Our Children Blu-ray Review

Viewers of Our Children will not easily forget this harrowing examination of a seemingly perfect family dynamic slowly undoing itself from the inside. Belgium’s official entry for the 2013 Academy Awards and recipient of widespread praise is a subtly haunting film that by turns shocks and moves, but mercifully never falls prey to sensationalizing its disturbing narrative. In the vein of the best tragedies (and the Greek classic Madea particularly comes to mind here), the film languorously unfolds a fabric of events that envelops the audience completely and reveals the darkest facets of the human psyche.

Based on the horrific true story that still resonates powerfully within Belgian media stories of the last ten years, Our Children focuses upon the gradual disintegration of a family as a mother, Murielle (Émilie Dequenne) becomes gradually suffocated by her emotional surroundings and unable to escape the dark thoughts that plague her perturbed mind. Murielle marries the Moroccan Mounir (Tahar Rahim) at the height of their sweet courtship, agreeing to move in with him and his mentor and unofficial adoptive parent, Andre Pinget (Niels Arestrup). Pinget maintains the financial stability of the familial unit, but his constant meddling in their relationship and their dependency upon his superior income soon begins to take its toll. Additionally, his dominant role as the family doctor ensures the separation between his personal and professional responsibilities becomes hard to differentiate. Though the couple go on to have four vivacious and beautiful children, caring for them soon becomes overwhelming to Murielle, who has to cope with Mounir’s increasingly longer trips away to Morocco to visit his family. As tensions mount and Murielle’s isolation threatens to derail her sanity entirely, time seems to melt away as viewers await the inevitable outcome with bated breath.

Joachim Lafosse directs Our Children with precision and grace, masterfully condensing years’ worth of torn emotions and dramatic events into representative moments that capture the family’s growing dysfunction and the dangerous realm they threaten to enter as time wears on. Lafosse also shrewdly explores cultural dissonances, though interestingly, here Morocco is depicted as a place of refuge and peace where the couple is able to briefly find some semblance of harmony within their chaotic lives, away from their stifling apartment and overly didactic patriarch.
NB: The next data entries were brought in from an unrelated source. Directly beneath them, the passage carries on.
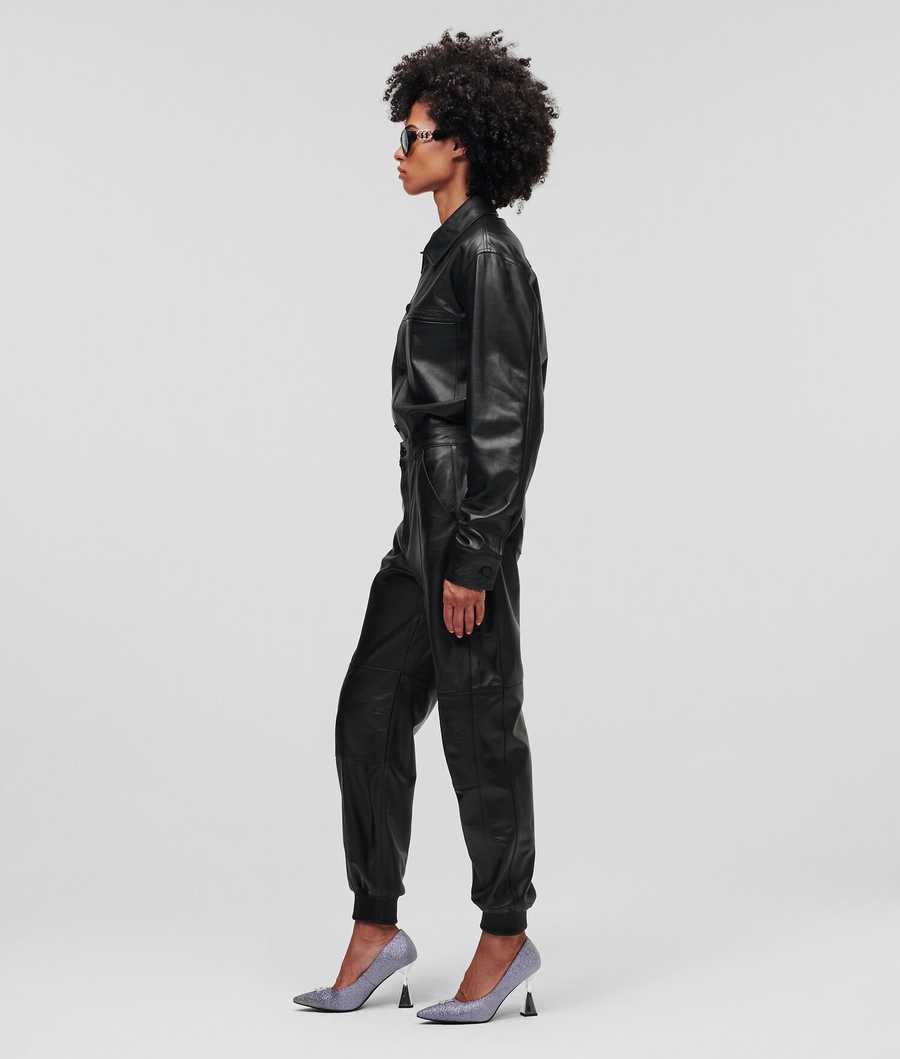 Black Women's Karl Lagerfeld Athleisure Leather Pants | AE576UYDH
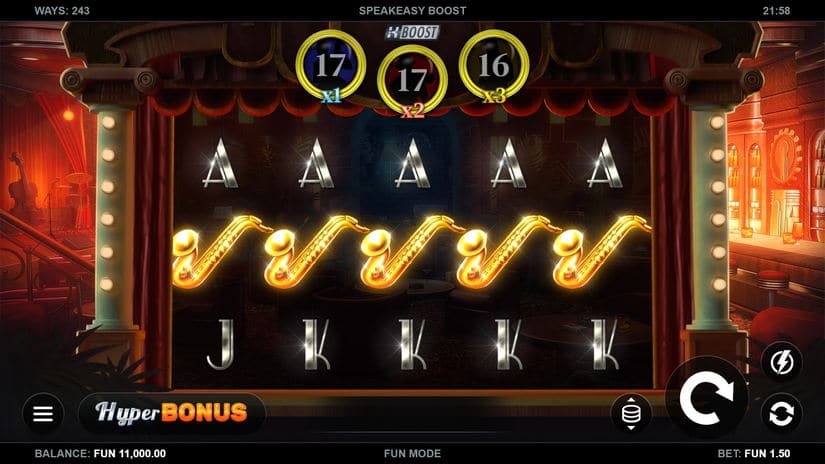 Speakeasy Boost slot screen 1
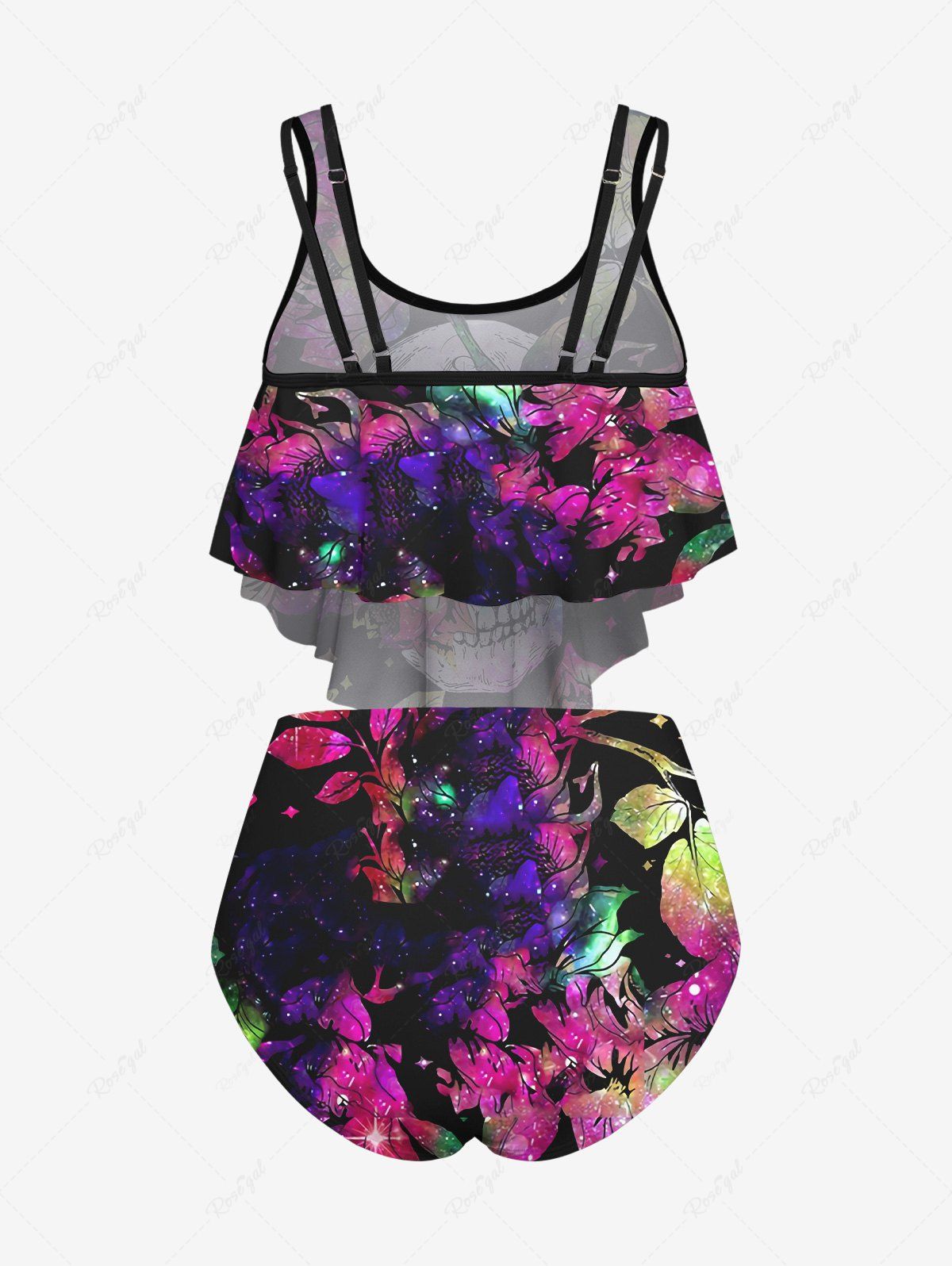 Gothic Plus Size Skull Colorful Glitter Ombre Leaf Print Peplum Hem Backless Tankini Swimsuit (Adjustable Shoulder Strap)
The naturalistic style and unassuming compositions ensure that the film embodies a slice of life aesthetic that is equally absorbing and unsettling; one gets the impression that given the right circumstances, anyone can fall prey to the same loss of reason (as so aptly conveyed by the film’s original French language title, La Perdu du Raison etc). That, and the film’s ability to align us with its melancholic protagonist, is by far the film’s greatest merit. That such horrific actions and nonsensical thoughts become valid, feasible, and even understandable serves as a testament to the film’s non-judgmental approach and its genuine impulse to examine the unexpected manner in which the base unit of love – the nuclear family – can turn on itself and generate demons that are not easily abolished.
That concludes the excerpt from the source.